Groupon CEO told to hop it

Freshly fired Groupon CEO Andrew Mason has leaked news of his sacking to the great unwashed.

Mason was apparently made to clean out his desk and pick up his pink slip for failing to stop the waves of doom crashing against the company.

In an email, which he sent to Groupon staff and her majesties’ loyal press, Mason put his hand up for missing expectations and the company’s stock price.

Mason said that a “fresh CEO” earns the company a crack at a second chance.

Mason compared the running the company to the popular, though notoriously difficult 1991 video game Battletoads.

He said that if Groupon was Battletoads, it would be like he made it all the way to the Terra Tubes without dying on his first ever play through.

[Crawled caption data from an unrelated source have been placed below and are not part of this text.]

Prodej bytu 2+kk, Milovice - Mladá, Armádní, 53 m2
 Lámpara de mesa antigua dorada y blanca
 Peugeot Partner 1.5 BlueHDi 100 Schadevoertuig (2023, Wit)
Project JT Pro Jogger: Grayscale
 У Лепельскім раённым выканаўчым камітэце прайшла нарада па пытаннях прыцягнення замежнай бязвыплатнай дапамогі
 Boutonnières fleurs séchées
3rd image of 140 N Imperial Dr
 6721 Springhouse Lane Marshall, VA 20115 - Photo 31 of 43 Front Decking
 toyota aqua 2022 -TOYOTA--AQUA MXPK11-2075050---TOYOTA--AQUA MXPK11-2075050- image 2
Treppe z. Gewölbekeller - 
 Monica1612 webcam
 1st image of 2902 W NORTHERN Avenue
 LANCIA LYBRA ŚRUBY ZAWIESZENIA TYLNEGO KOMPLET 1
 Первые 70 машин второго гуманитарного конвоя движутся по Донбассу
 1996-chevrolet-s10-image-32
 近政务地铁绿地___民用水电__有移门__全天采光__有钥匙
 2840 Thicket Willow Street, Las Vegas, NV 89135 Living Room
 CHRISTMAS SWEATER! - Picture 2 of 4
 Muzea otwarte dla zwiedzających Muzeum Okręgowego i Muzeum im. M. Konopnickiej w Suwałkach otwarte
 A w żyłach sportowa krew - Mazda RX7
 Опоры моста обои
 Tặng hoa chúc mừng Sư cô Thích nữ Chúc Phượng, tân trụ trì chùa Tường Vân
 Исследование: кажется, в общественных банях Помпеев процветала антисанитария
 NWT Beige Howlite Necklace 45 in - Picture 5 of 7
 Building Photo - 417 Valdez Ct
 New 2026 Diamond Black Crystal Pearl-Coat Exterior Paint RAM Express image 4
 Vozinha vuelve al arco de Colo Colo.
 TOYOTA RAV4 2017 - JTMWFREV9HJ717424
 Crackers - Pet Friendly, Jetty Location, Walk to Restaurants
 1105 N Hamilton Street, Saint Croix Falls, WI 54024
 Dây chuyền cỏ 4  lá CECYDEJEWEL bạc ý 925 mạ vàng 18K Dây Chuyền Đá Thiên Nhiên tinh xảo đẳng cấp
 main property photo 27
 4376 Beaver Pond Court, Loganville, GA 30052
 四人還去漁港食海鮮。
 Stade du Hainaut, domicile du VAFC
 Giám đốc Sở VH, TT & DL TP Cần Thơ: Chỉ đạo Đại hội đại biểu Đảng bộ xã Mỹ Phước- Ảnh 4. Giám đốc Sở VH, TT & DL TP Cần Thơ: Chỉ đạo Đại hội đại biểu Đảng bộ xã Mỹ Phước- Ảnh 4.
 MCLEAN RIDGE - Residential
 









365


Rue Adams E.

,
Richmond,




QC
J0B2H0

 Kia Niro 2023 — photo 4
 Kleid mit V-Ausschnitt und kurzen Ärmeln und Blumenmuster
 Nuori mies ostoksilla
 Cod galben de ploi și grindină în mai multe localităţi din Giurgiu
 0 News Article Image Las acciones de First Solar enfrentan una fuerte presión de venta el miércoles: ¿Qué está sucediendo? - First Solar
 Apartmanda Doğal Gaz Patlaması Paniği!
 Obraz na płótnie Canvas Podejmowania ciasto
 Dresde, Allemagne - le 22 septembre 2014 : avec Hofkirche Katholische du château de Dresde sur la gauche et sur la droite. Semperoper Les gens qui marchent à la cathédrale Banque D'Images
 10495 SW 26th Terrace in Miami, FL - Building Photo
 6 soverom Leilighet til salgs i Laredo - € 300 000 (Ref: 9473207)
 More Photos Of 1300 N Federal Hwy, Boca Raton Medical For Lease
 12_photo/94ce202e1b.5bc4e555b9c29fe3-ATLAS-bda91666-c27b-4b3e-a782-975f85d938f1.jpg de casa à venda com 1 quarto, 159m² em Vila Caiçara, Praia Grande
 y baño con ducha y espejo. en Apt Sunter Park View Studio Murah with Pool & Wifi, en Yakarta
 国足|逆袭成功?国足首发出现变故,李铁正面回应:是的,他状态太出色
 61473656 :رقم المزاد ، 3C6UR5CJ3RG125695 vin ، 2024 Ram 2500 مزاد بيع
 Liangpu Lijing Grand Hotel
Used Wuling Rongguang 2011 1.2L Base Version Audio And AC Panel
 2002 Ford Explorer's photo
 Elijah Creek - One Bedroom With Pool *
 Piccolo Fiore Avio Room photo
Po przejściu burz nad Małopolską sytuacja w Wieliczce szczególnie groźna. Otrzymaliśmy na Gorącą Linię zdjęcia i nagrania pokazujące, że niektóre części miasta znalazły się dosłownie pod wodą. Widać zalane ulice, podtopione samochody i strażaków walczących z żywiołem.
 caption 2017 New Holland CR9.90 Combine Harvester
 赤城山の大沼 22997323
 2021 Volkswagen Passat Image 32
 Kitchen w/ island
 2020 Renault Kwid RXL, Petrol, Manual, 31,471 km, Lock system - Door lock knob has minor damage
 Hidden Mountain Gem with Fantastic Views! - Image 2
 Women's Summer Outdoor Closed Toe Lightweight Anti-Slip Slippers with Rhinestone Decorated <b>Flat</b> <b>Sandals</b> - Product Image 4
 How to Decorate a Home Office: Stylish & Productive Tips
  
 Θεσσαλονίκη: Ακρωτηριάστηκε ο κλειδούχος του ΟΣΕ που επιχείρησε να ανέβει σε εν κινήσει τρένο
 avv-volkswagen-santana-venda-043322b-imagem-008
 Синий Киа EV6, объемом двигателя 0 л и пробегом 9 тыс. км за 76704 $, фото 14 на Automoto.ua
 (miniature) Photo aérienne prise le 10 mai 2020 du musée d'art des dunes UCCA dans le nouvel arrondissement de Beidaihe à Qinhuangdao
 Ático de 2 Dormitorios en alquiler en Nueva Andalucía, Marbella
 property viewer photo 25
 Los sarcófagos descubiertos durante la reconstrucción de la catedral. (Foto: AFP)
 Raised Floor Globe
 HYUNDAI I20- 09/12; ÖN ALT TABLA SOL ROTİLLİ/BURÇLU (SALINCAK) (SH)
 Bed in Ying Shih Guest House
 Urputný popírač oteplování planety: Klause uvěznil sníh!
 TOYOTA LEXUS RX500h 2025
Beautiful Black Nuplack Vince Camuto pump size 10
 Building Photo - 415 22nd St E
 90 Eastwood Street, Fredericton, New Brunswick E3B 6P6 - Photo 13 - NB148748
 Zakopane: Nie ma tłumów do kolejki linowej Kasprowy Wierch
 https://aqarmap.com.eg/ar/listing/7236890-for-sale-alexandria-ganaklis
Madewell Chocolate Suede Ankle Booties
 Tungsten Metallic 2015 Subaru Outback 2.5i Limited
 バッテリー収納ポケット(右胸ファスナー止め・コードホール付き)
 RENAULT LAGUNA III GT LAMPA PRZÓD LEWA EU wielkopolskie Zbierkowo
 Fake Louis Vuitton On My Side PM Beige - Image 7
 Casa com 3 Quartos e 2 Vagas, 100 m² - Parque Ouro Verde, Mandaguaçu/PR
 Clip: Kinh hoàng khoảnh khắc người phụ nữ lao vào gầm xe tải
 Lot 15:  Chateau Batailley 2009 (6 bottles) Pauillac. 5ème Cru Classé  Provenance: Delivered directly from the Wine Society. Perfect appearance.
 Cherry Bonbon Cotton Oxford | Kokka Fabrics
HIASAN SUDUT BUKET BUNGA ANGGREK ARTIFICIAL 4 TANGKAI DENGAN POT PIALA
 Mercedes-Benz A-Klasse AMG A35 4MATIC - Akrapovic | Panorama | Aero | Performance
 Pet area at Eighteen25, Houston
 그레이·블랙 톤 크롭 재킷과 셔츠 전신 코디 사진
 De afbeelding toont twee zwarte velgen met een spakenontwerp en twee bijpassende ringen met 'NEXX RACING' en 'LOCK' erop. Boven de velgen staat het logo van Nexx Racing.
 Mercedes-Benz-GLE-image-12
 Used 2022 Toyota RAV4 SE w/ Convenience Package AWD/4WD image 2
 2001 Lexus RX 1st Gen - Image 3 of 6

“I’ll now take some time to decompress and then maybe I’ll figure out how to channel this experience into something productive,” he wrote.

Mason said that after four and a half intense and wonderful years as CEO of Groupon, “I decided that I’d like to spend more time with my family. Just kidding – I was fired..”

The board was aligned behind the strategy it had shared over the last few months, and the company was working more effectively as a global company and it was time to give Groupon a relief valve from the public noise, he said.

Mason said that he was OK with having failed at this part of the journey.

“My biggest regrets are the moments that I let a lack of data override my intuition on what’s best for our customers,” Mason wrote.